WHAT YOU ARE ASKED TO DO → No pictures belong in the copy. Restate the rest of the data exactly.

DATA SHOWN →
= Beginning of Section =
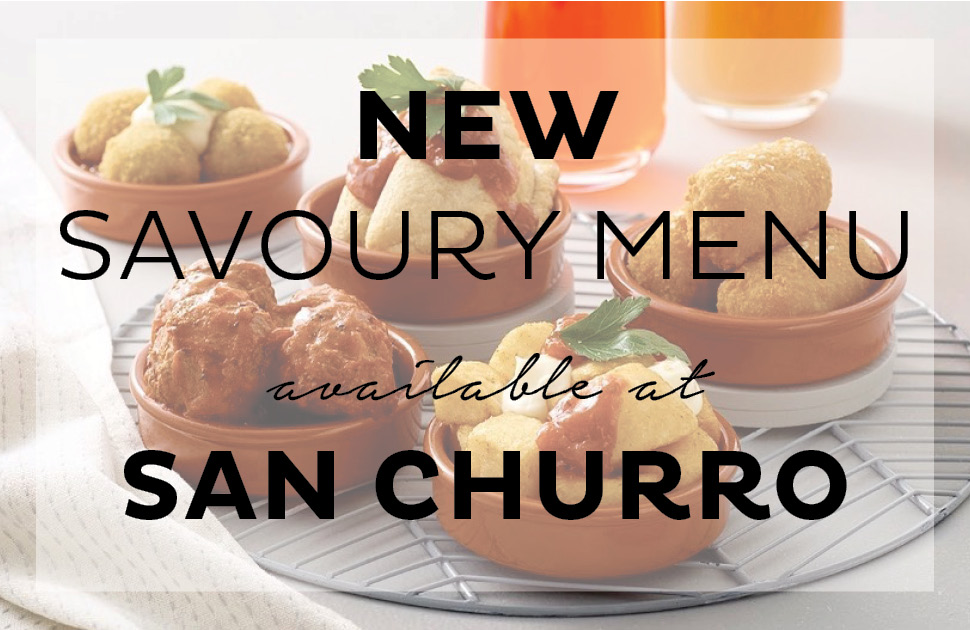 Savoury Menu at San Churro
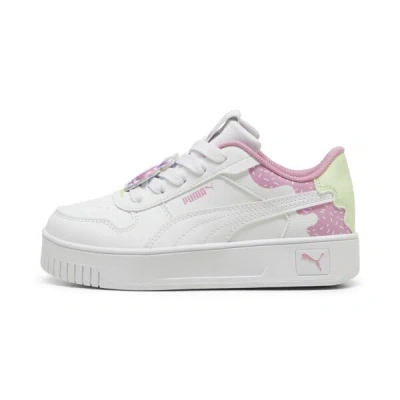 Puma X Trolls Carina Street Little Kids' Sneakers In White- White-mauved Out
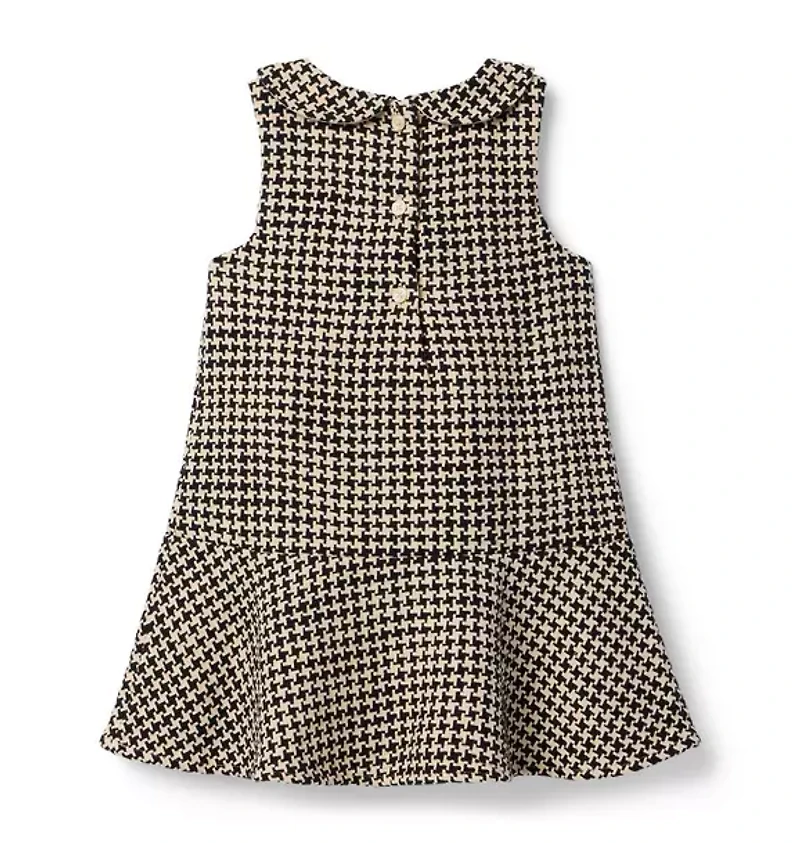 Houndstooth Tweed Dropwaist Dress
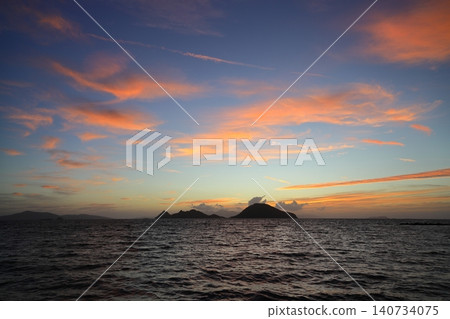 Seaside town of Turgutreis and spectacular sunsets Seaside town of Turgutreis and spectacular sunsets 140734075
= End of Section =
WRITTEN RESPONSE →
 Savoury Menu at San Churro
 Puma X Trolls Carina Street Little Kids' Sneakers In White- White-mauved Out
 Houndstooth Tweed Dropwaist Dress
 Seaside town of Turgutreis and spectacular sunsets Seaside town of Turgutreis and spectacular sunsets 140734075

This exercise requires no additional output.